W3C home > Mailing lists > Public > www-archive@w3.org > January 2006

Re: Comments on regex-opt

From: Bjoern Hoehrmann <derhoermi@gmx.net>
Date: Mon, 16 Jan 2006 10:51:23 +0100
To: Joel Yliluoma <bisqwit@iki.fi>
Cc: www-archive@w3.org
Message-ID: <9jpms1pt33ut1m0l7np48uj2qrtfm1btbj@hive.bjoern.hoehrmann.de>

* Joel Yliluoma wrote:
>Thank you for your feedback!

I since ran into some other issues. It'd be good to have these at least
in the documentation if not fixed (so others might look at it and con-
tribute a patch or two).

A re like x{0,4} is rewritten to x{,4}; the latter syntax is not widely
supported, e.g. Perl would not treat this as quantifier but as literal.

A re like [a-z]+|[a-z]+ is rewritten to (?:|)[a-z]+; this should really
be [a-z]+ instead.

A re like foo|[a-z]+ comes out as (?:foo|[a-z]+); this could be further
optimized to simply [a-z]+. This is like "Choice counting" which is
already listed, but it'd be good to have this example in the docs, I
think.
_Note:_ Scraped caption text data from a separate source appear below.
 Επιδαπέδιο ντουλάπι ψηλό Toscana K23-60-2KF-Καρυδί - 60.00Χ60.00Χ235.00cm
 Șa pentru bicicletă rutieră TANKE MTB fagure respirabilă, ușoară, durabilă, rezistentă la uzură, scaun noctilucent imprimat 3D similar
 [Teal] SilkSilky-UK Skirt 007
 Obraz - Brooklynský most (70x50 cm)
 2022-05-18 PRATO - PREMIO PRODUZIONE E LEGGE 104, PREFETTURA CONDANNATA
The Perl module Regexp::Optimizer reduces (?:aa|a)b to aa?b but
does not do this for (?:foo|[a-z]+).

It'd be handy to have control about what . is equivalent to, e.g. in
Perl with the 's' modifier it's really any character, in XML Schema's
regular expression language it's [^\r\n], etc.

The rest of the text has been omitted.